On 24/08/2015 8:24 p.m., Cory Benfield wrote:
> On 22 August 2015 at 20:44, Mike Bishop wrote:
>> While there’s no requirement for HTTP/1.1 clients to reject this pattern
>> (for back-compat), it seems like an HTTP/2 implementation might want to hold
>> its peers to that MUST NOT.  Osama has additionally pointed out that being
>> tolerant of this could make HTTP/1.1 to HTTP/2 conversion “wreak havoc and
>> bugs.”  In an offline thread with a few others, the general feeling seems to
>> be that we should all change to reject this as broken header framing.
> 
> Presumably the rule would be that any header containing an octet
> string that matches the regex '\r?\n[ \t]' is treated as invalid
> (PROTOCOL_ERROR). That's reasonable enough.
> 
> What is the proposed rejection? RST_STREAM for the given stream?
> GOAWAY? Should we consider adding a new error code to handle this case
> for ease of debugging? Are intermediaries expected to also reject the
> stream, or should they simply strip the whitespace from the folded
> line?
> 
> I'm not opposed to this in principle, but I'd like to see it fleshed out a bit.
> 

If we are just mandating the reject option from the list mentioned in
RFC 7230 then the requirement is status code 400. Since its likely
coming from a 1.1 client via a broken gateway that is still reasonable.

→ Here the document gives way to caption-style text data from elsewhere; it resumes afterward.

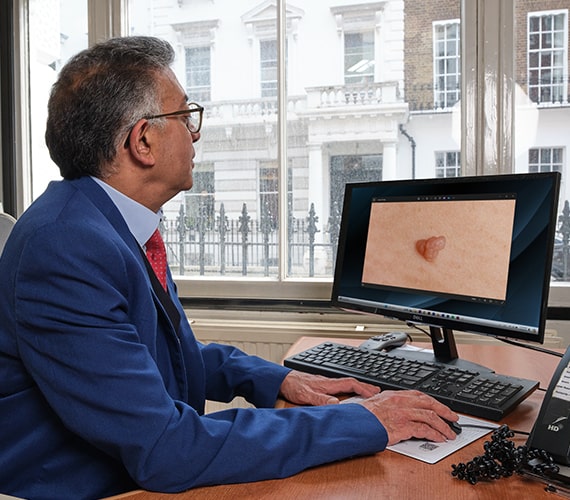 warts consultation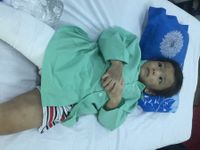 TP.HCM: Bé trai 4 tuổi bị cha dượng và mẹ bạo hành đến gẫy xương đùi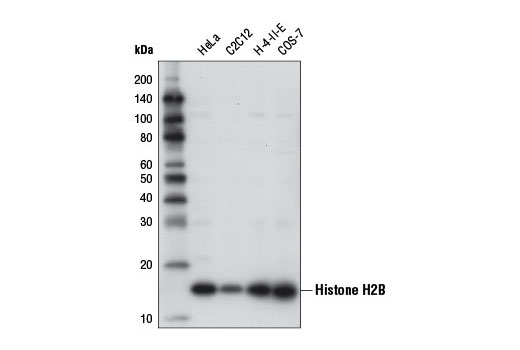 Western Blotting Image 1: Histone H2B (D2H6) Rabbit mAb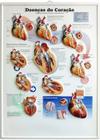 Pôster 3D Doenças do Coração em Alto-Relevo.
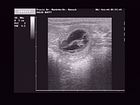 Ultra Sound 09.02.2009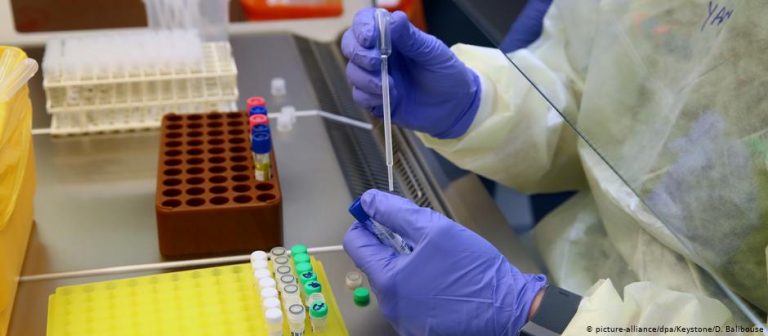 1 i vdekur dhe 21 pozitiv me KOVID-19 sot në Kumanovë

If an explanation is desired the only choice is a canned 400-status
response with payload explaining. Simply closing the stream with that as
if it were a normal h2 completion. The error and problems are all in the
message layers outside the h2 itself anyway.


RST_STREAM vs GOAWAY is purely an HTTP/2 optimization for this error in
teh case where no explanation is desired. Selection of which is based on
criteria unrelated to the error itself. Which one gets sent (if either)
should follow the same choice made on any other h2 error.

If a 1.1 gateway is actually involved it should be mapping
PROTOCOL_ERROR on either of RST_STREAM or GOAWAY to a 400 status anyway.
So it does not matter really - all three options result in roughly the
same thing. Senders choice as to what side effects they want to see
happen, which comes back to that RST/GOAWAY selection algorithm being
generic.


>From a proxy/gateway perspective it would be more beneficial if servers
used RST_STREAM or the canned response. So only the one stream was
affected. But GOAWAY is also good - after all it is the h2 proxies or
gateways job to filter this out first.